7. While the humidor is seasoning during those first few days, check your hygrometer -- and if the cute little analog-dial hygrometer that probably came with the humidor doesn't pass the test I'm about to describe, don't be surprised. I've had several of them (a "free" one with every humidor I've bought), and only one of them has been fairly accurate; most of the others didn't really work at all. I use $25 digital hygrometers that are marketed for use with humidors, and they are very accurate and reliable ... but they still need to be properly calibrated by you before you can trust them.

Calibrating a hygrometer of either type is simple. Get a small plastic ziplock bag, a plastic cap from a soft drink bottle, and some ordinary table salt. fill the bottle cap about three-quarters full of salt, and add just enough distilled water to make it fairly moist, but not enough that the salt begins to dissolve. Put the bottle cap and your hygrometer into the bag, seal it up, and check on it in eight to twelve hours. The hygrometer should read 75 percent; if it's off a point or two, that's okay.

Some hygrometers will let you adjust the readout, and if yours is one of these you can move the pointer or change the digital readout until it show 75 percent -- but you must do this quickly, before the hygrometer responds to the presumably-lower RH outside of the bag.

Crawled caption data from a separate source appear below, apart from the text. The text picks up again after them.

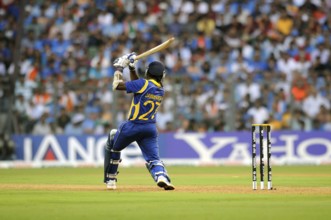 Sri Lankan batsman Mahela Jaywerdena plays shot ICC Cricket World Cup finals Wankhede stadium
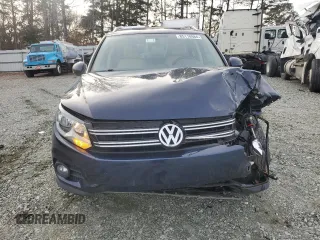 2013 Volkswagen Tiguan S with VIN WVGBV3AX0DW066778, listed as a Copart auction lot 85110984 with 108,027 mi miles and Salvage title. Bid and sale history available at DreamBid. Image 5.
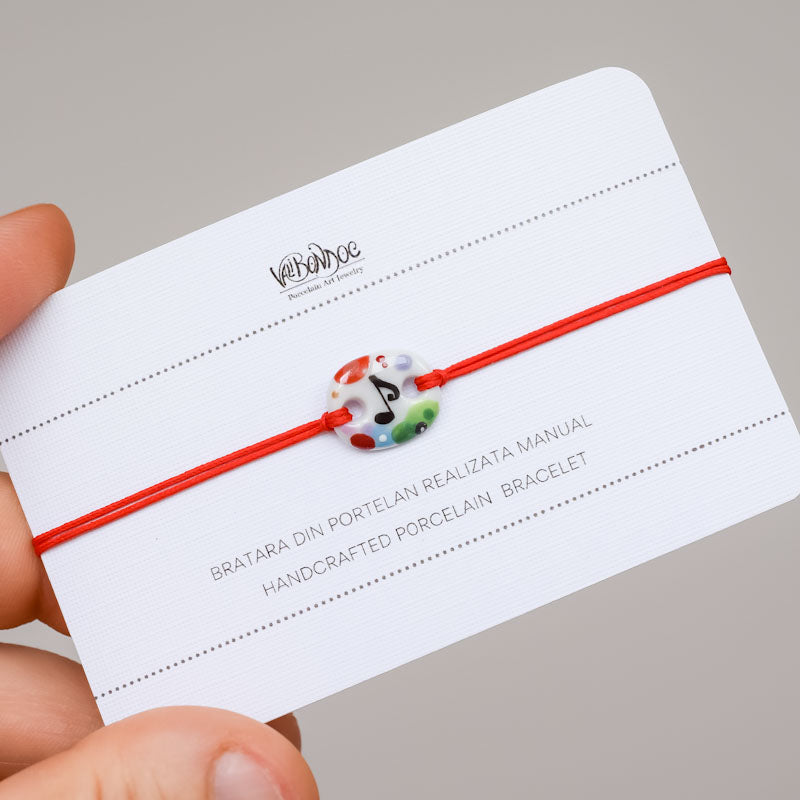 Musical note .Porcelain bracelet handmade and hand painted by Vali Bondoc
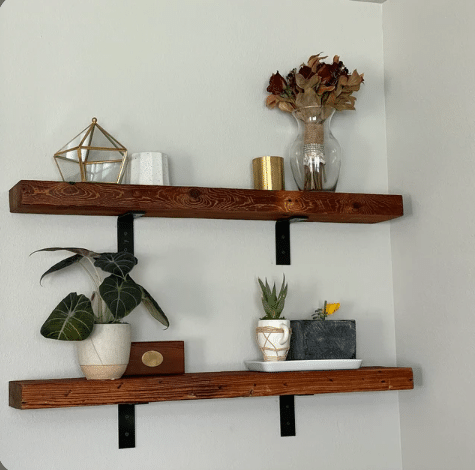 two reclaimed barnwood wall shelves with L shaped angle brackets. Shown in an oil finish that highlights the grain patterns and nail holes in the wood.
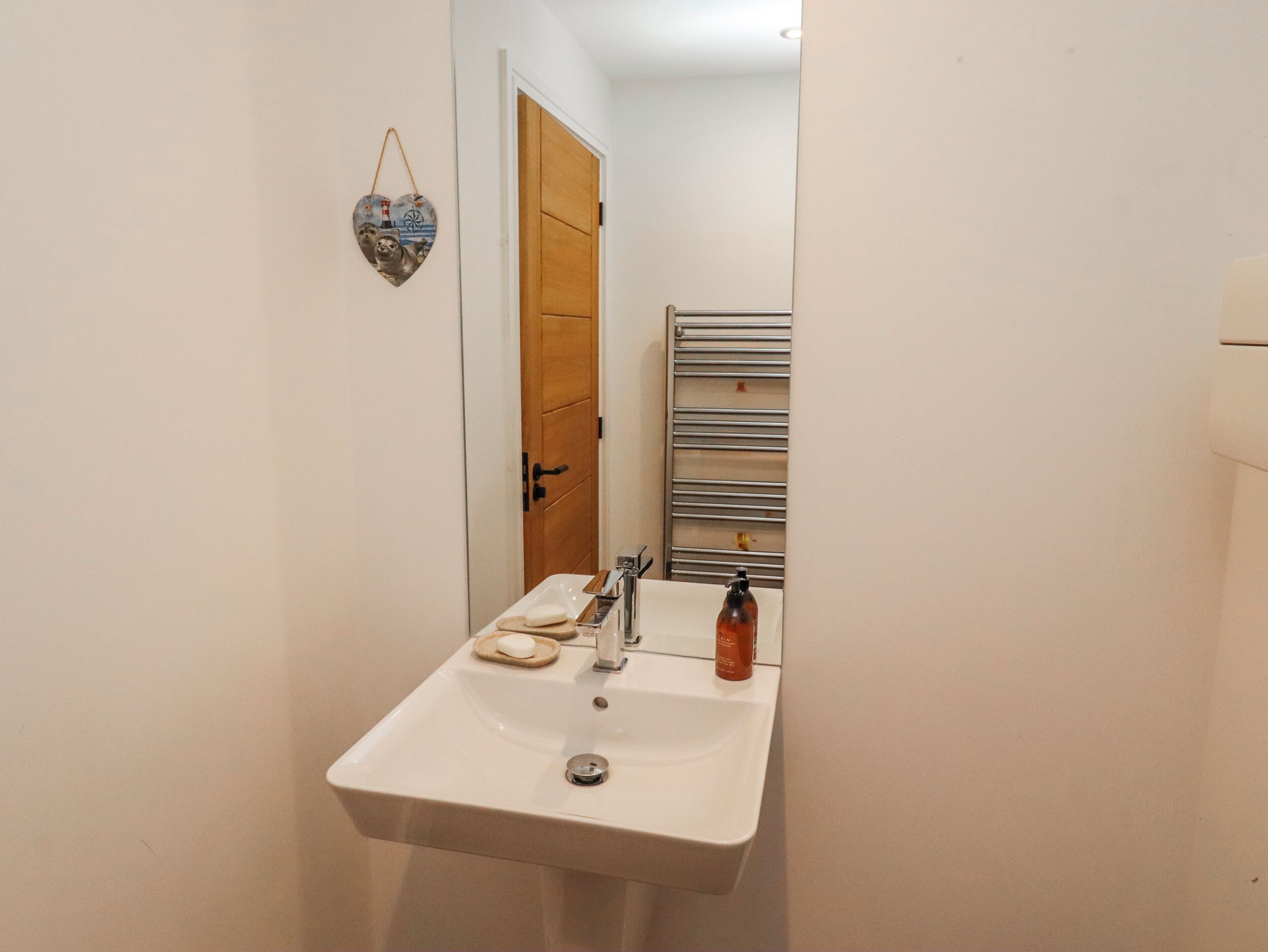 A bathroom with a white sink, a mirror, a towel, and a soap dispenser.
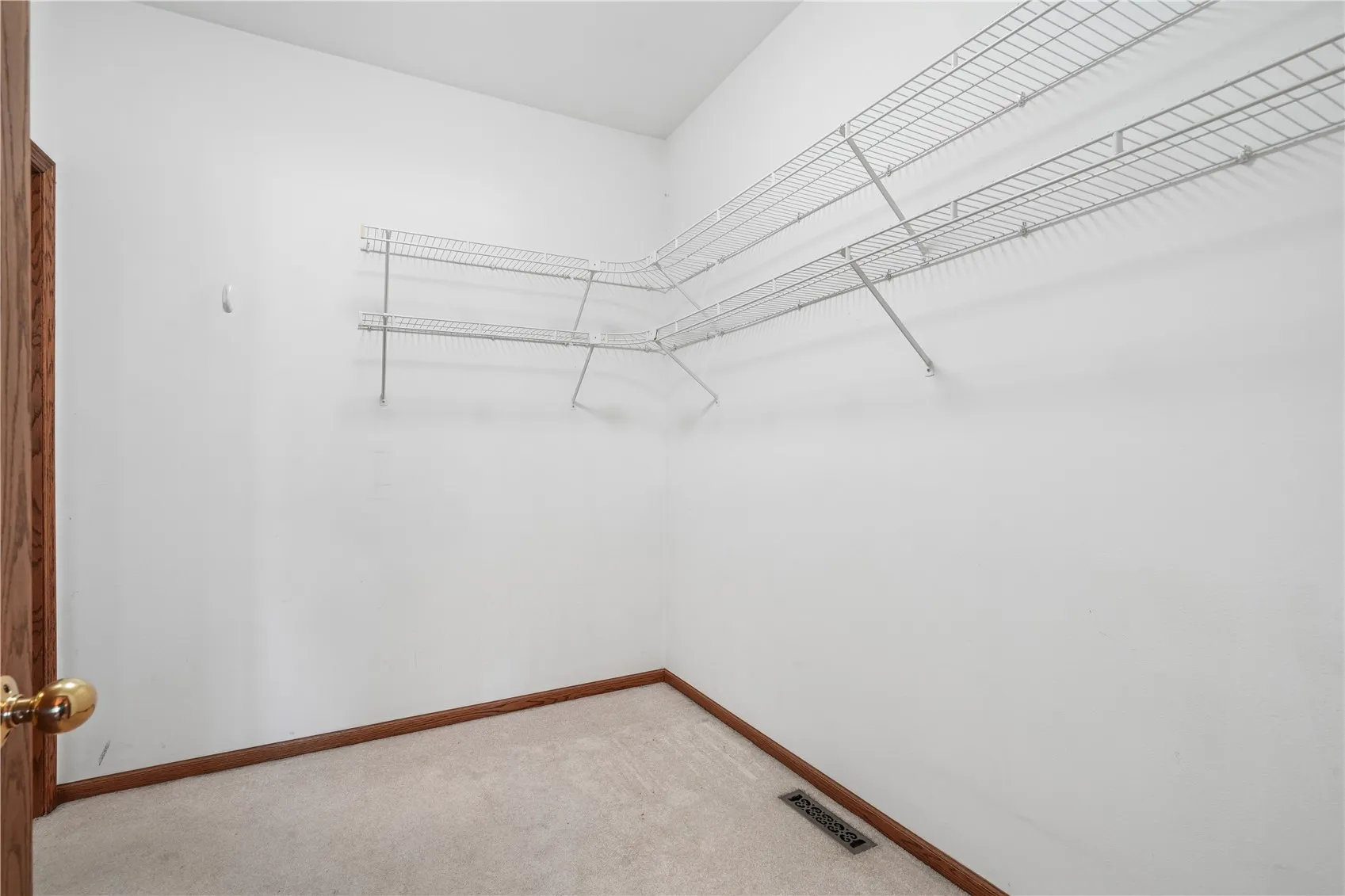 Primary bedroom walk-in closet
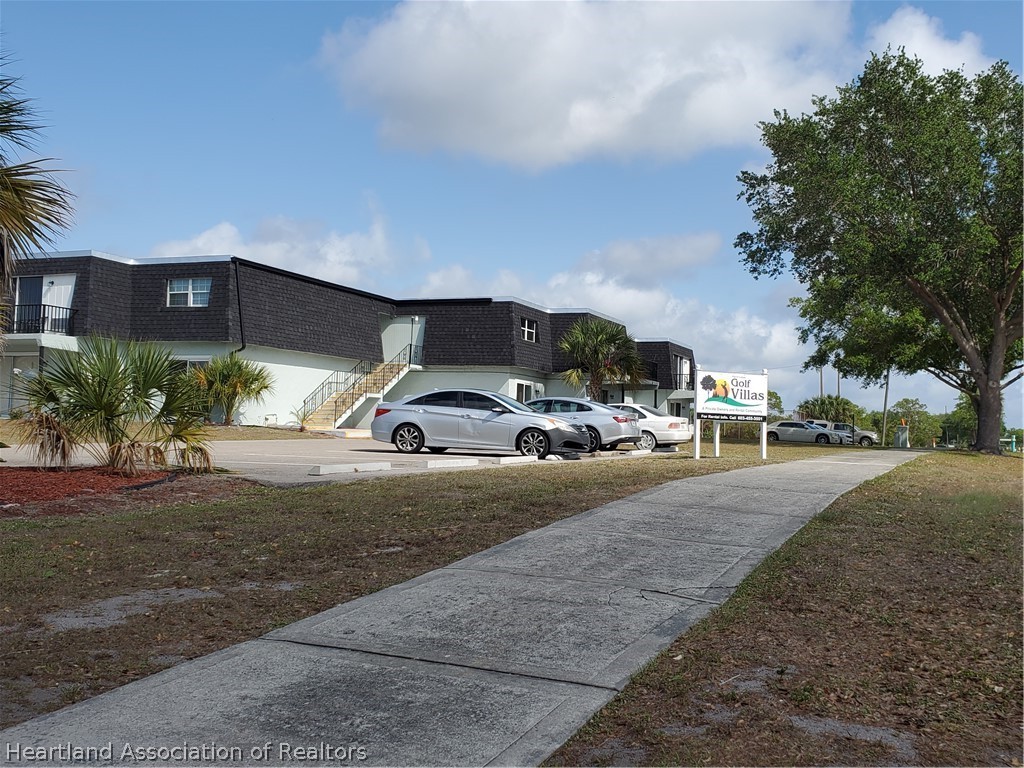 105 Golf Villas Court Northwest Lake Placid, FL 33852 - Photo 1 of 13 a couple of cars parked in front of a building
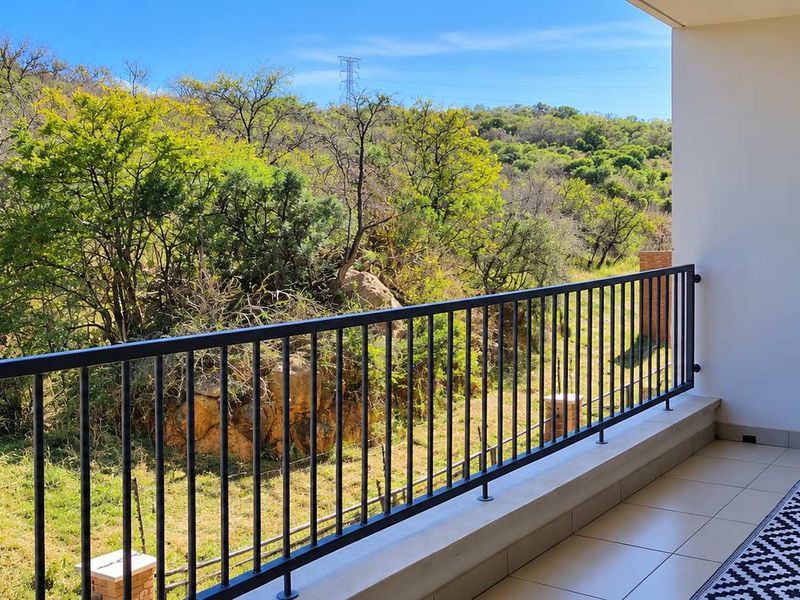 A private balcony featuring a modern metal balustrade and tiled flooring, offering scenic views of the surrounding natural landscape.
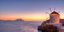 Ανεμόμυλος στην Αμοργό με φόντο το ηλιοβασίλεμα του Αιγαίου στην Ελλάδα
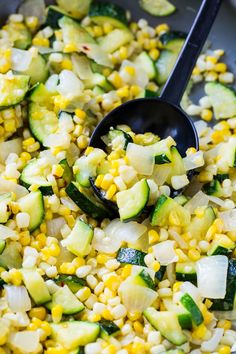 corn and zucchini are being cooked in a skillet with a black spoon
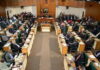 JAMAICA-Government gets green light for NaRRA legislation. Jamaica parliament building with NaRRA legislation approved on screen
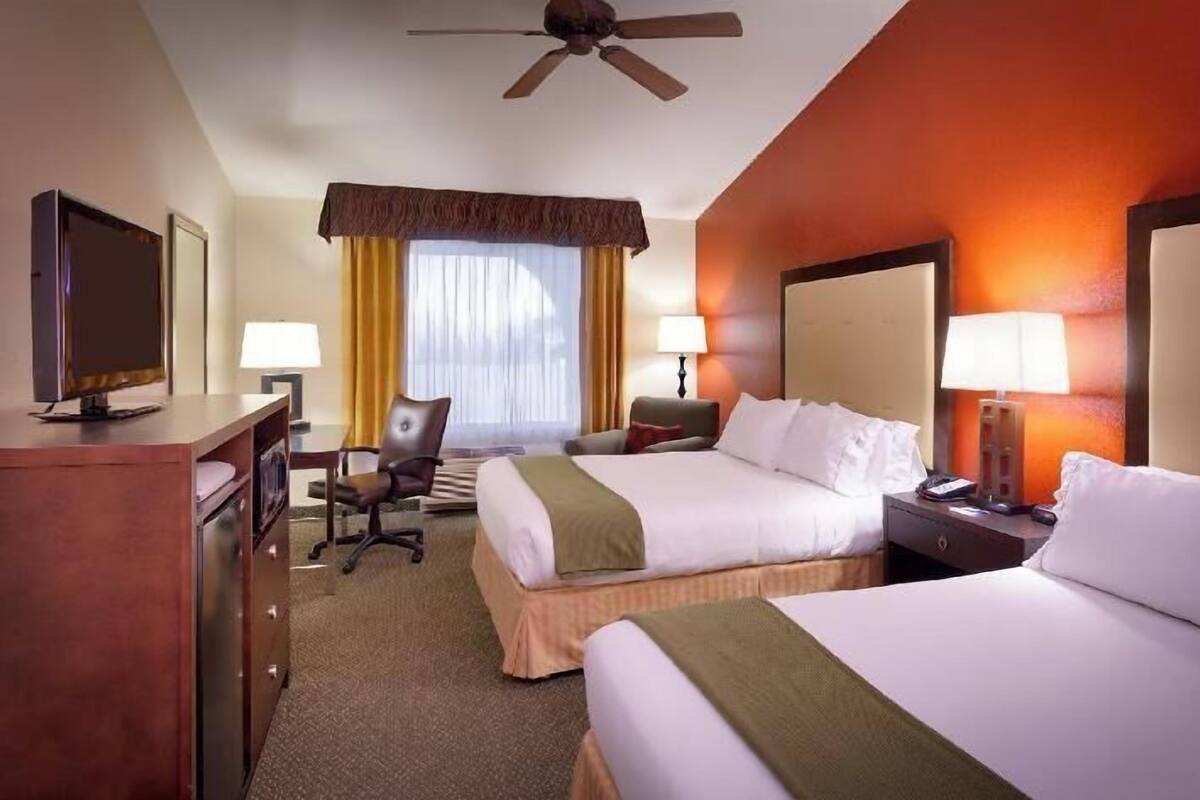 أغطية فراش متميزة وخزنة داخل الغرفة ومكتب ومساحة عمل للكمبيوتر المحمول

If your hygrometer does not have a means for adjusting the reading, don't despair. Just notice how far it is from 75%, and in which direction, then attach a label reminding you how much you need to add or subtract from the reading, i.e. "-2" or "+1".

If a digital hygrometer is more than a few percentage points off, replace the battery with a fresh one and rerun the calibration procedure. If an analog hygrometer is very far off -- or if the pointer doesn't respond to the drier air outside the bag after ten minutes or so -- just assign it to the trash and replace it with a digital humidifier.

The hygrometer is one device that you will continue to use for a long time; while you can buy decent digital hygrometers for less than $10 at Walmart, don't be afraid to spend a little more and get one that will serve you reliably for years.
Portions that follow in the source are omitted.